Dataset extract below:

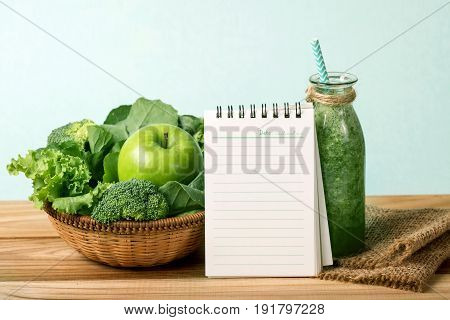 blank note pad and the Healthy fresh green smoothie juice in glass bottle on wooden table with green apple and vegetables basket for healthy detox and diet habits concept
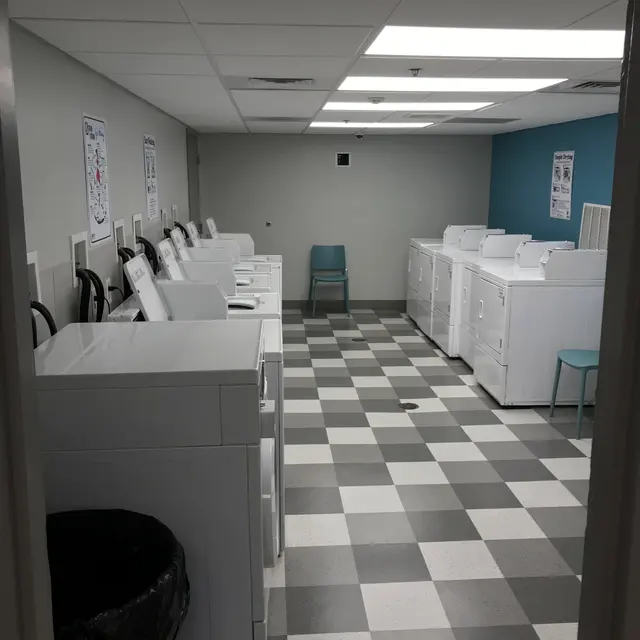 A clean and organized laundry room with white washing machines and dryers aligned against the walls. The floor features a black and white checkerboard pattern. A blue accent wall contrasts with the gray surroundings. Limited seating is visible.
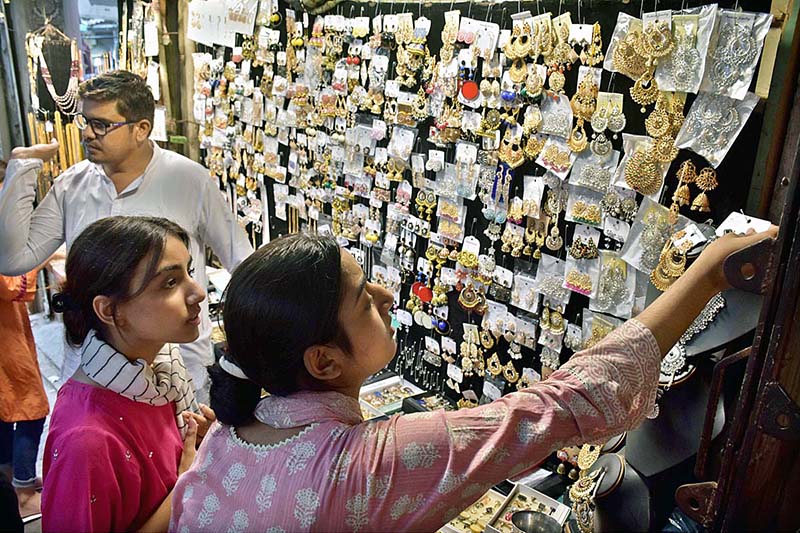 Girls selecting artificial jewelry for preparation of upcoming Eidul Azha at Reshamgali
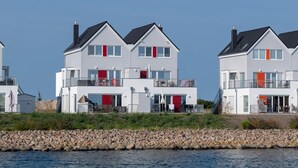 Une rangée de maisons modernes à deux étages, dotées de balcons, située au bord d’une côte rocheuse.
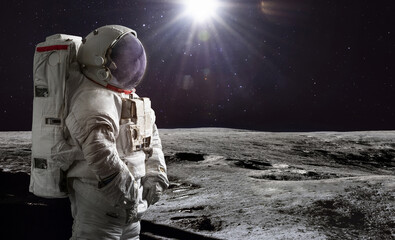 Astronaut on surface of Moon. Artemis lunar space program. Moonwalk of spaceman. Elements of this image furnished by NASA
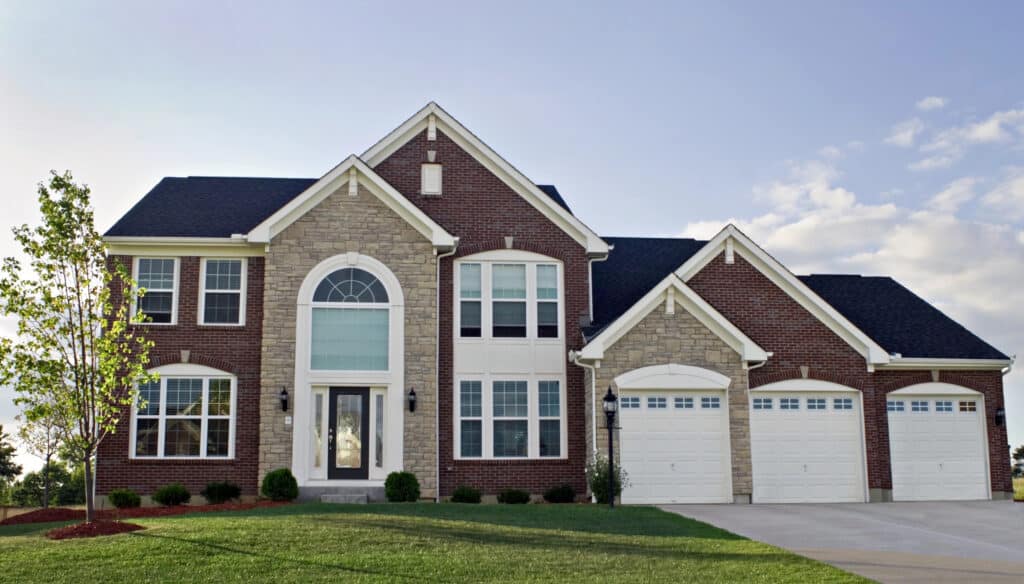 Elegant brick and stone suburban house with three garage doors and lush green lawn under clear sky.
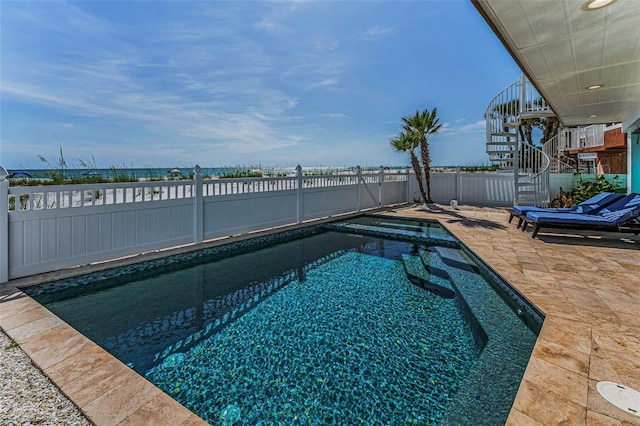 13303 Gulf Ln, Madeira Beach, FL 33708 - view of swimming pool with a fenced backyard, a pool with connected hot tub, a patio, and stairway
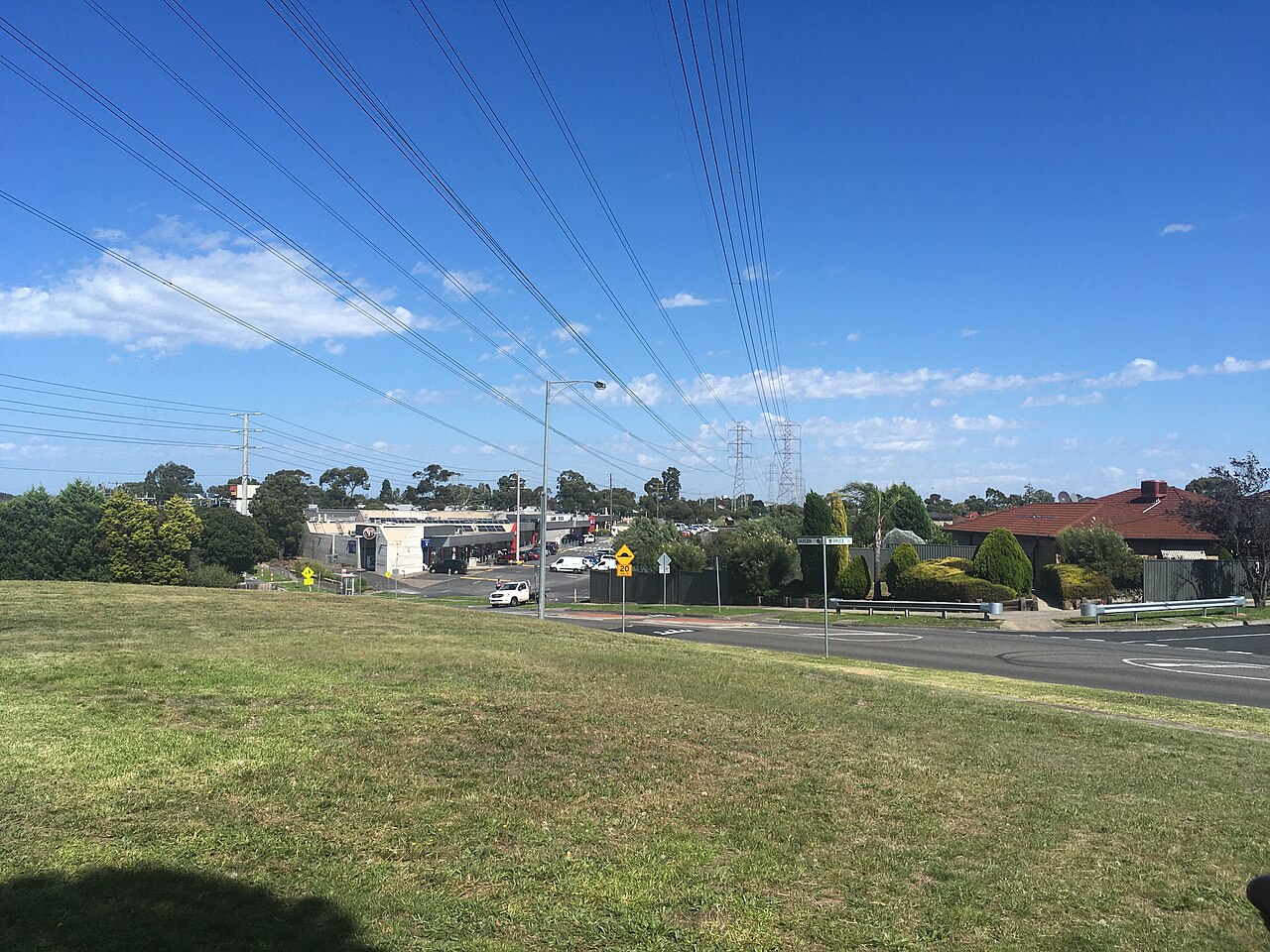 View across open grass towards Lalor Plaza Shopping Centre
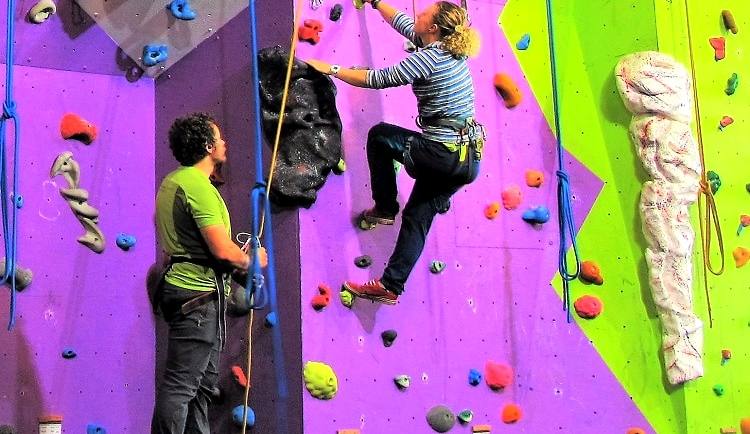 Two climbers working brightly coloured routes on an indoor climbing wall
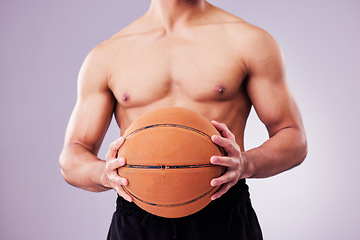 Image showing Hands, basketball and a shirtless sports man in studio on a gray background for training or a game. Exercise, workout or body and a male athlete holding a ball while posing topless for fitness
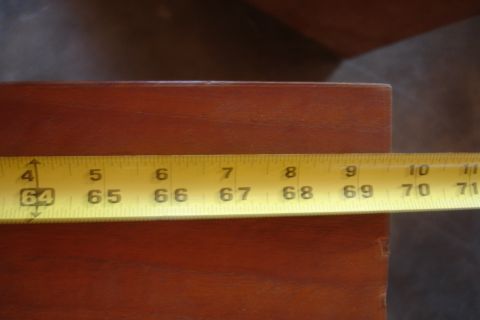 1993 Ford Taurus - A yellow measuring tape is placed on a brown wooden surface, displaying measurements from 64 to 71 inches.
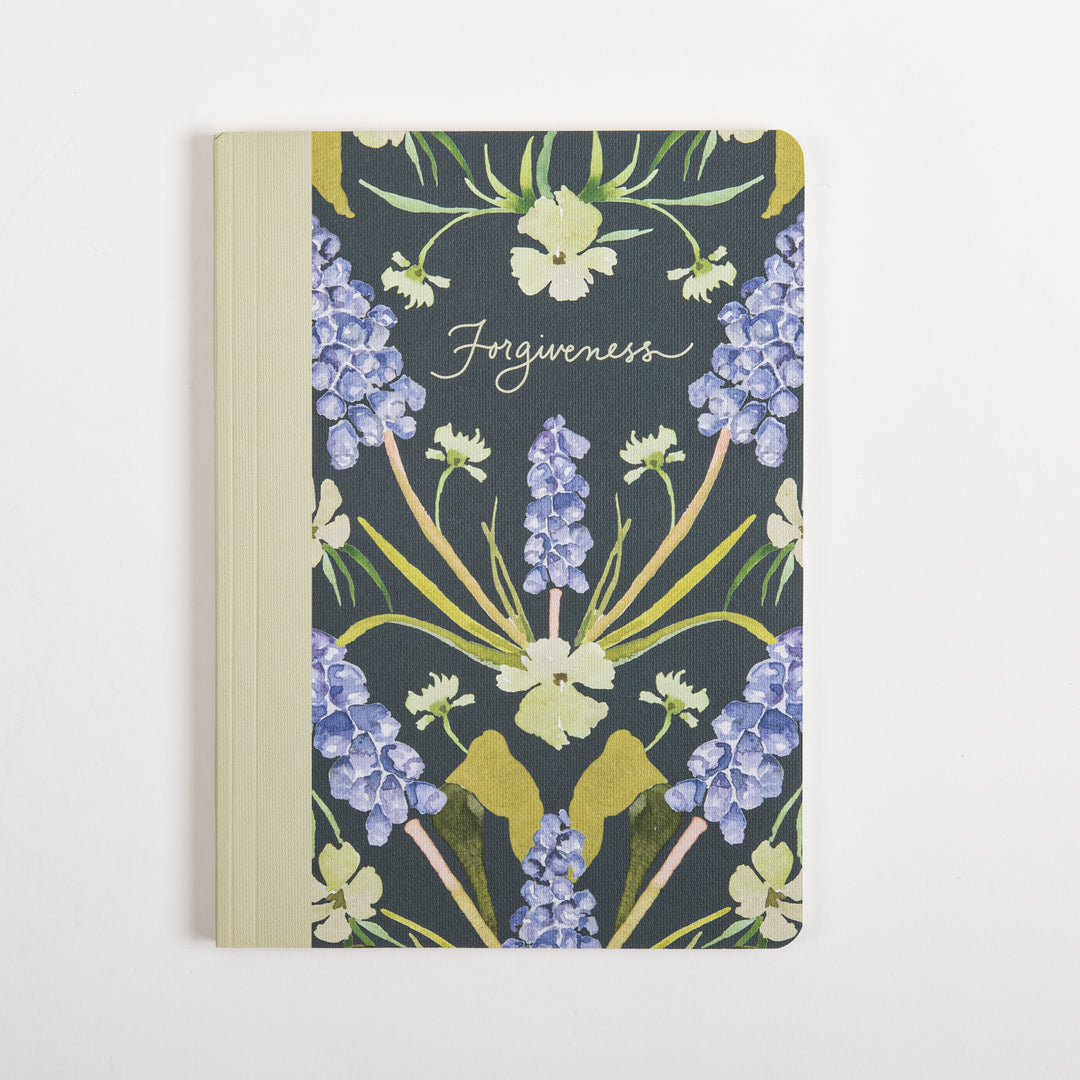 Straight-on front cover of the ESV Prayer Journal: 30 Days on Forgiveness, showing a cream fabric spine beside a dark green cover with a symmetrical, mirror-image watercolor pattern of purple grape hyacinth spikes and pale yellow wildflowers, with &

End of Dataset extract.

## About this exercise
Where pictures sit among the data above, omit them, and output the rest exactly.

## Answer below
 blank note pad and the Healthy fresh green smoothie juice in glass bottle on wooden table with green apple and vegetables basket for healthy detox and diet habits concept
 A clean and organized laundry room with white washing machines and dryers aligned against the walls. The floor features a black and white checkerboard pattern. A blue accent wall contrasts with the gray surroundings. Limited seating is visible.
 Girls selecting artificial jewelry for preparation of upcoming Eidul Azha at Reshamgali
 Une rangée de maisons modernes à deux étages, dotées de balcons, située au bord d’une côte rocheuse.
 Astronaut on surface of Moon. Artemis lunar space program. Moonwalk of spaceman. Elements of this image furnished by NASA
 Elegant brick and stone suburban house with three garage doors and lush green lawn under clear sky.
 13303 Gulf Ln, Madeira Beach, FL 33708 - view of swimming pool with a fenced backyard, a pool with connected hot tub, a patio, and stairway
 View across open grass towards Lalor Plaza Shopping Centre
 Two climbers working brightly coloured routes on an indoor climbing wall
 Image showing Hands, basketball and a shirtless sports man in studio on a gray background for training or a game. Exercise, workout or body and a male athlete holding a ball while posing topless for fitness
 1993 Ford Taurus - A yellow measuring tape is placed on a brown wooden surface, displaying measurements from 64 to 71 inches.
 Straight-on front cover of the ESV Prayer Journal: 30 Days on Forgiveness, showing a cream fabric spine beside a dark green cover with a symmetrical, mirror-image watercolor pattern of purple grape hyacinth spikes and pale yellow wildflowers, with &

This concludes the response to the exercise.